■ **TASK DETAILS**:
The listing, minus its pictures, is to be given again exactly.

======== COLLECTED MATERIAL

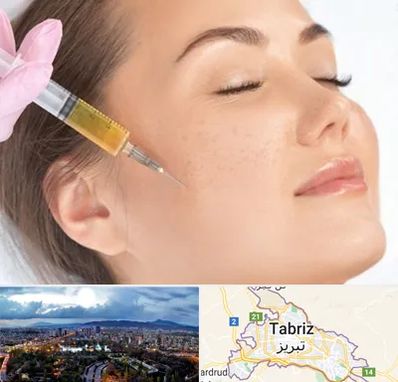 آموزش تزریق ژل و بوتاکس در تبریز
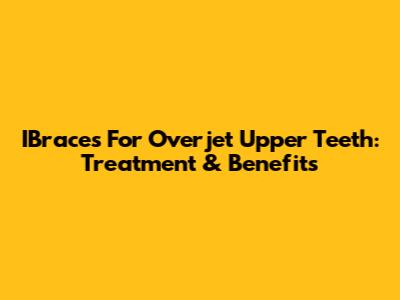 IBraces For Overjet Upper Teeth: Treatment & Benefits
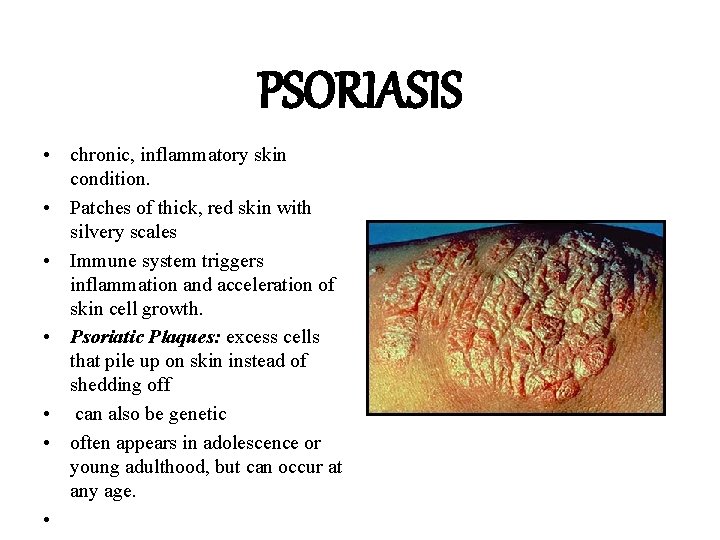 PSORIASIS • chronic, inflammatory skin condition. • Patches of thick, red skin with silvery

================

■ **ANSWER SECTION**:
 آموزش تزریق ژل و بوتاکس در تبریز
 IBraces For Overjet Upper Teeth: Treatment & Benefits
 PSORIASIS • chronic, inflammatory skin condition. • Patches of thick, red skin with silvery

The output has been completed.